Prog. Theor. Phys. Supplement No.85 (1985) pp. 61-74
Yukawa Meson, Sakata Model and Baryon-Lepton Symmetry Revisited
Department of Physics, Virginia Polytechnic Institute and State University, Blacksburg, VA 24061, U.S.A.
It is difficult for me to grasp that this symposium is celebrating the jubilee of meson theory since I was a junior at Columbia College in 1935. I recall hearing a colloquium by Paul Dirac that year telling an enraptured audience about the infinite sea of negative energy states but I do not recall any special note being taken of the birth of an equally revolutionary concept, the Yukawa meson. Perhaps the reason was the publication of Hideki Yukawa's paper in an inaccessible Japanese journal, perhaps Dirac's electron theory was dealing with the well-known electromagnetic force whereas Yukawa' meson theory was put forth to understand the nature of two new forces - the nuclear and the weak. Whatever the reason, the situation changed drastically when I migrated to Cornell (to do my thesis under Hans Bethe during the years 1937∼39) and found a deep interest in meson theory. Thus, my own scientific career has almost spanned the period since the birth of meson theory but, what is more to the point, it has been strongly influenced by the work of Yukawa and his collaborators.
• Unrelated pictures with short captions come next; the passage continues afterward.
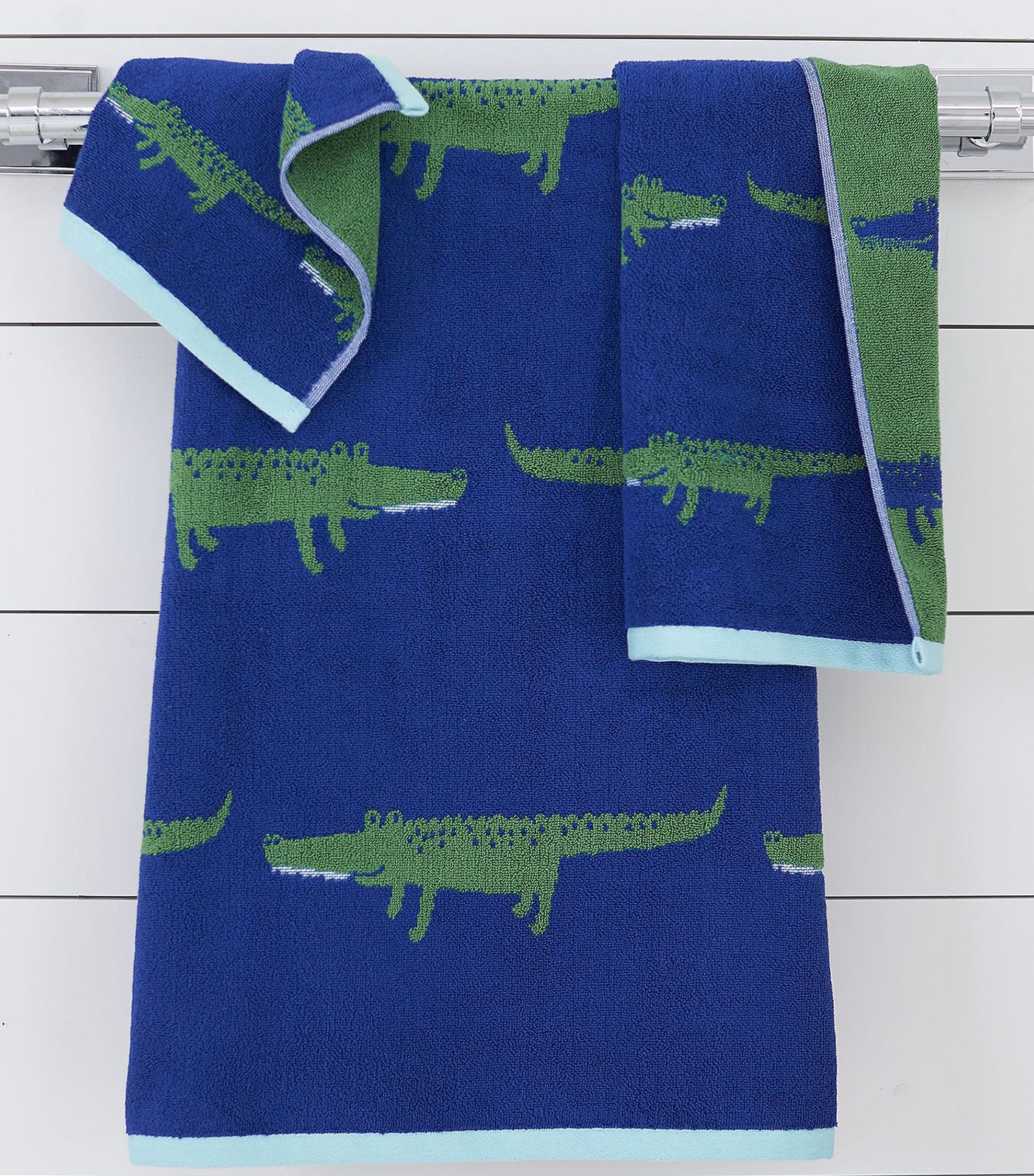 Alligator Jacquard Towel Collection Hand Towel
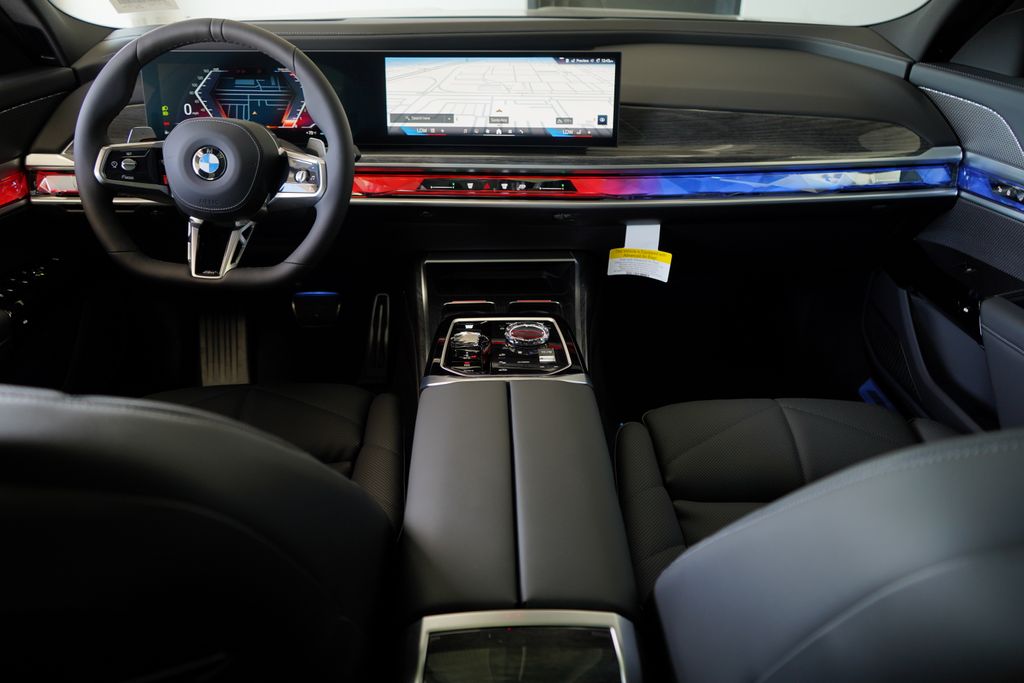 Thumbnail: 2026 BMW 7 Series - 14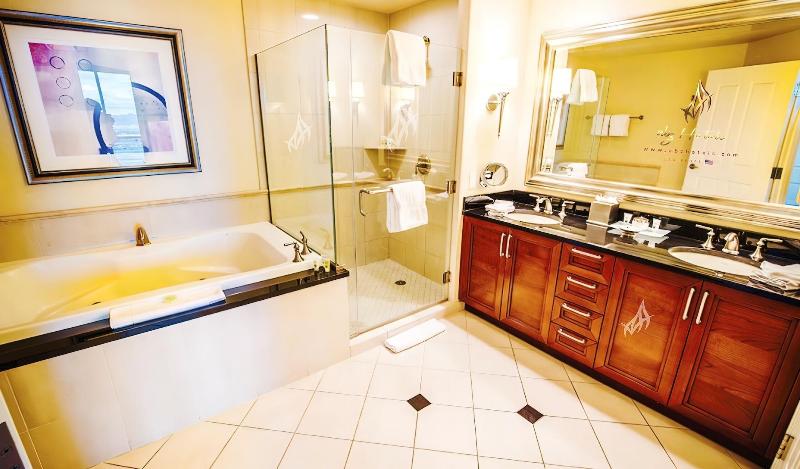 Abz Signature Deluxe Suites photo 18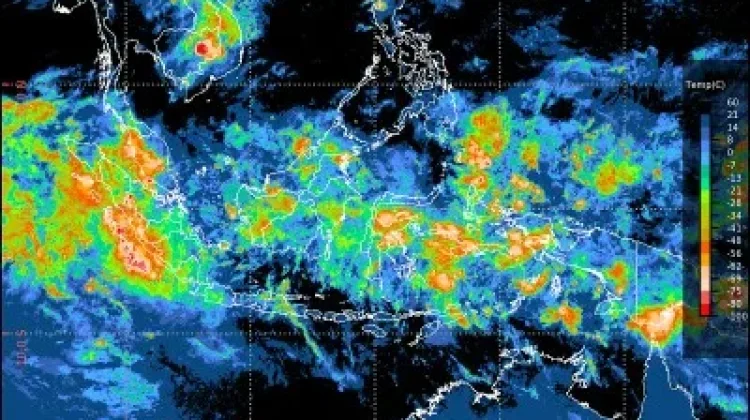 BBMKG Wilayah IV memperingatkan potensi angin kencang dan cuaca panas di Sulawesi Selatan pada 12–14 Oktober 2026.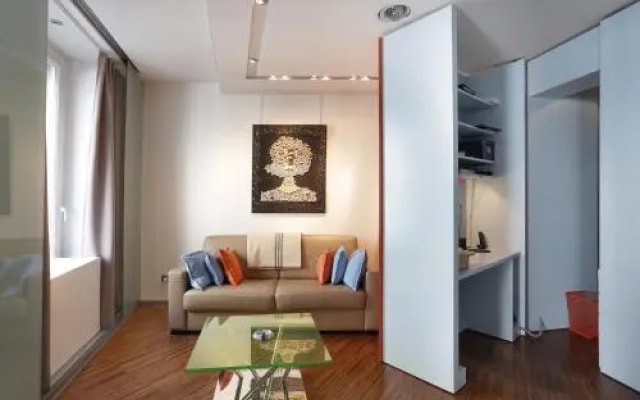 Matignon Terrace Apartment
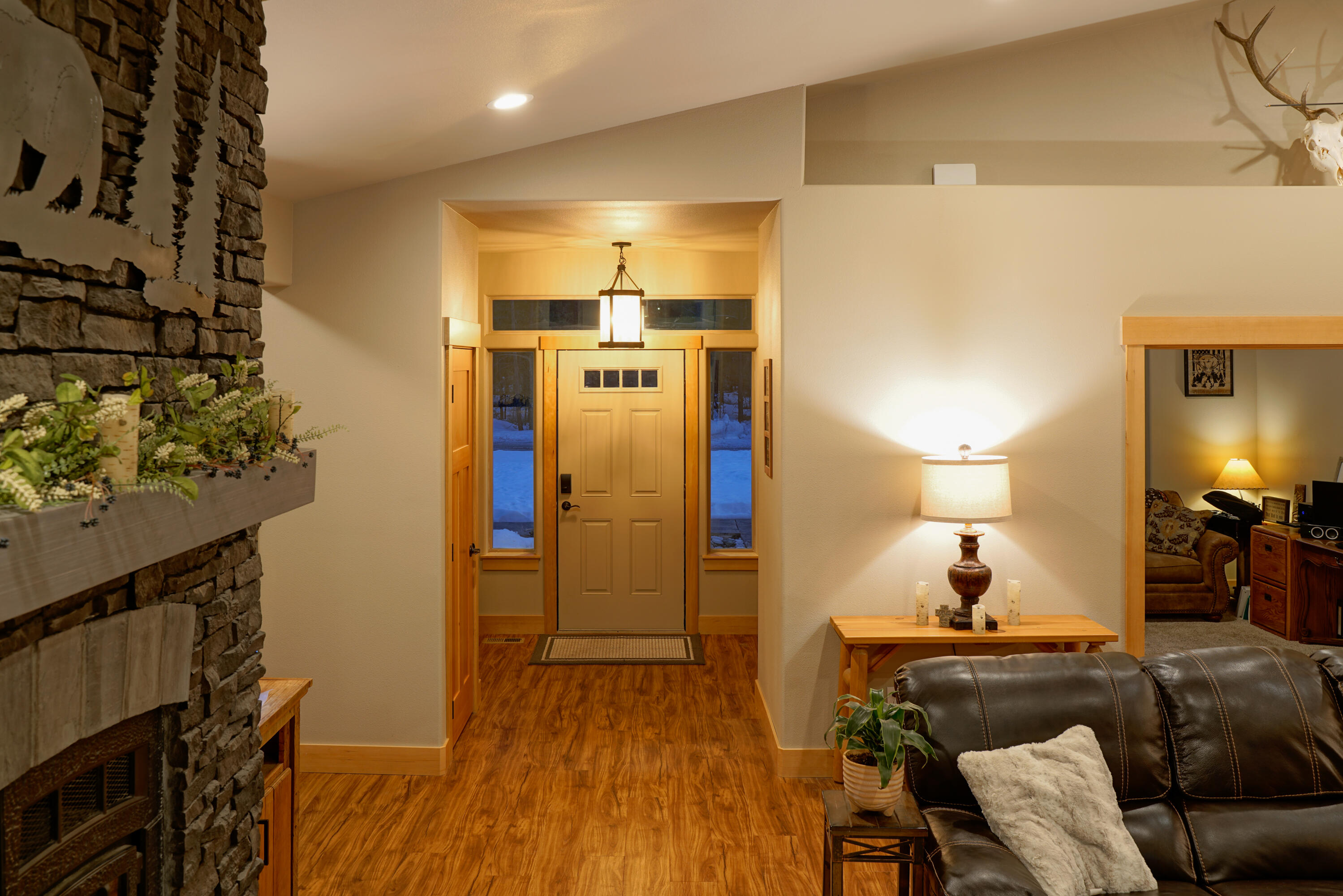 Pinewood Country Est - Residential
It therefore gives me great pleasure to be able to talk at this MESON 50 symposium. As one of the oldest speakers, I shall respond in a loose way to Professor Maki's invitation to cover “topics concerning the historical developments of hadron physics”. I shall select several major themes from the Japanese work that have had special interest for me. My remarks will fall under the four headings: (A) Yukawa Meson; (B) Sakata Model; (C) Baryon-Lepton Symmetry; and (D) Extensions of Baryon-Lepton Symmetry.